WHAT YOU ARE ASKED TO DO:
The answer is the data repeated in full, with no pictures included.

DATA SECTION:
..........

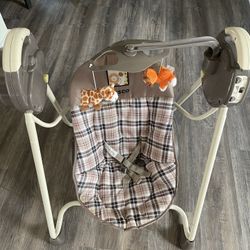 Baby Bouncer Motored Swing 30$ Obo 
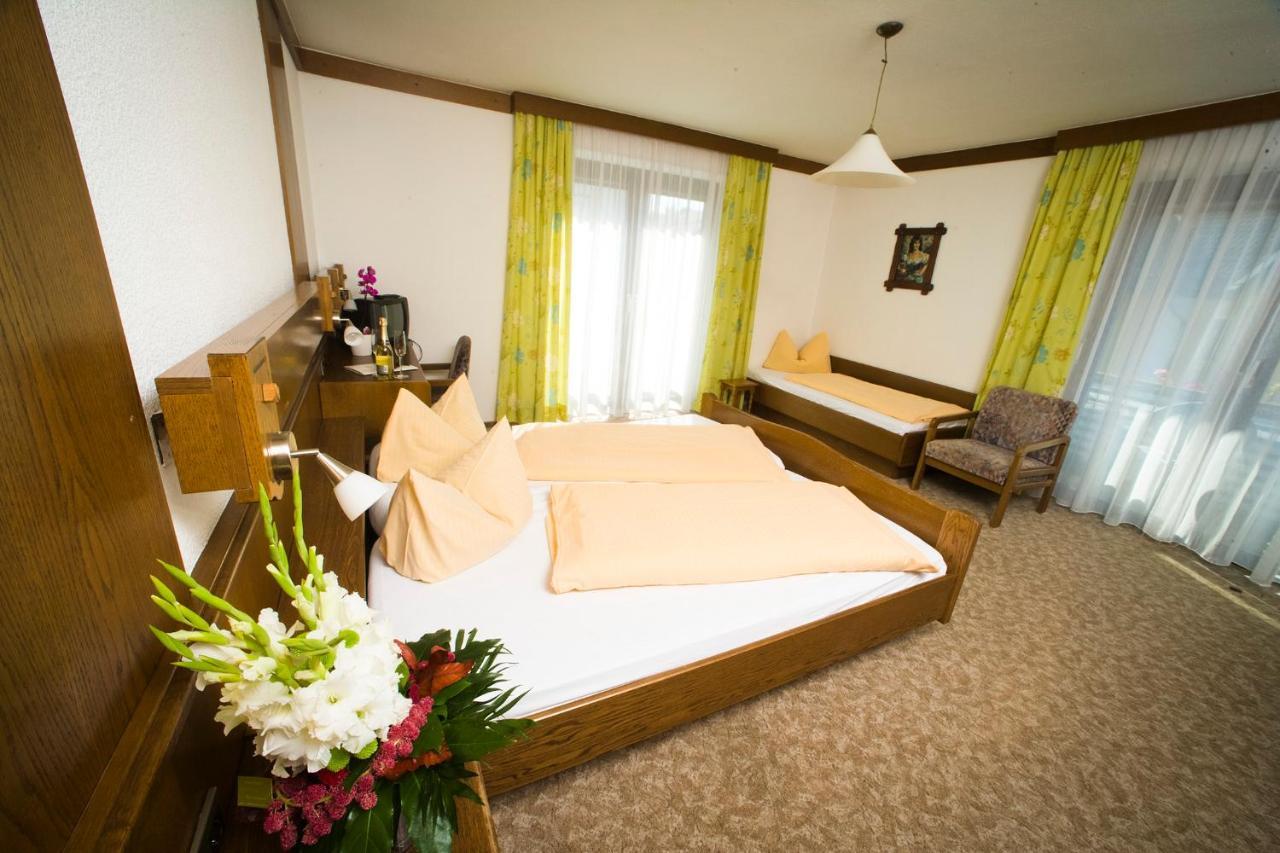 Hotel Landgasthof Zum Schildhauer Halfing Kültér fotó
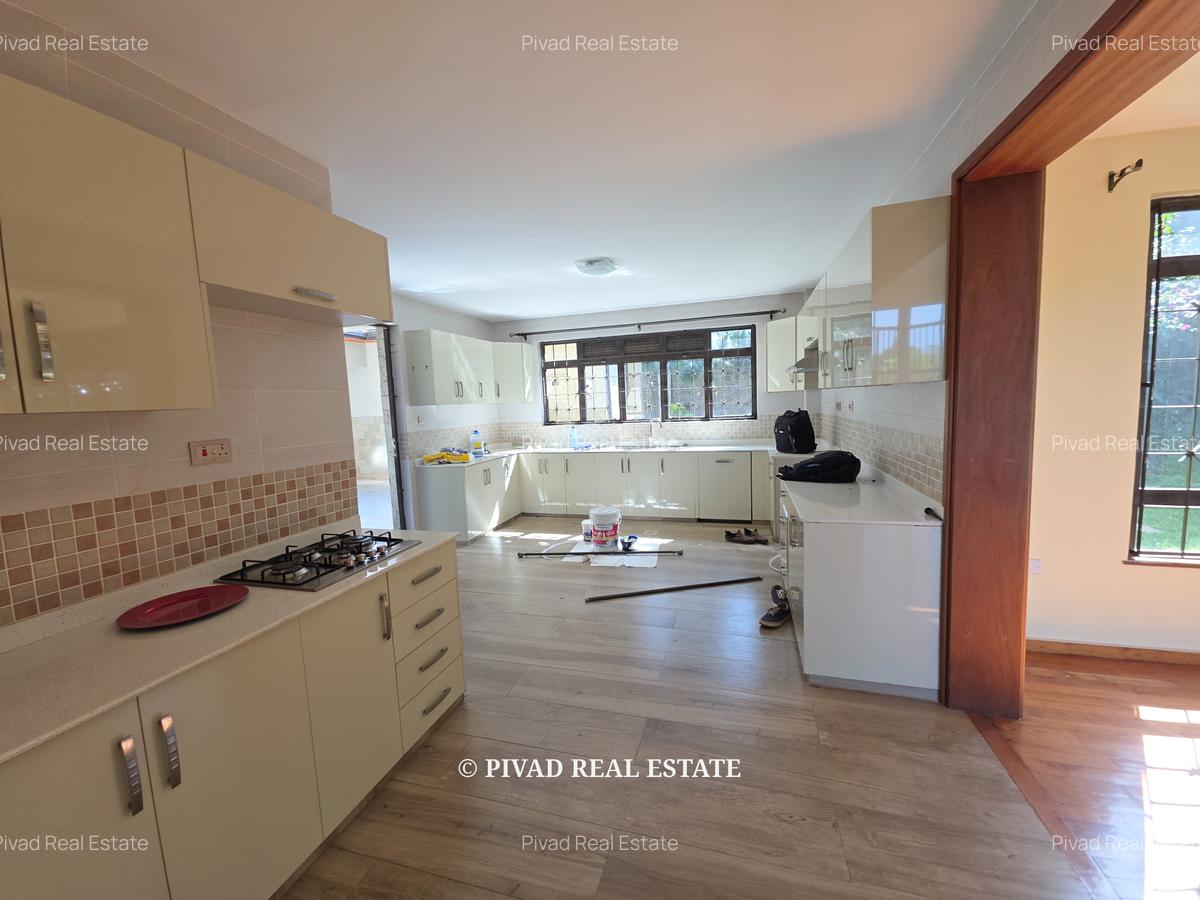 5 Bed House with Garden in Runda - 9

..........

EXERCISE OUTPUT:
 Baby Bouncer Motored Swing 30$ Obo 
 Hotel Landgasthof Zum Schildhauer Halfing Kültér fotó
 5 Bed House with Garden in Runda - 9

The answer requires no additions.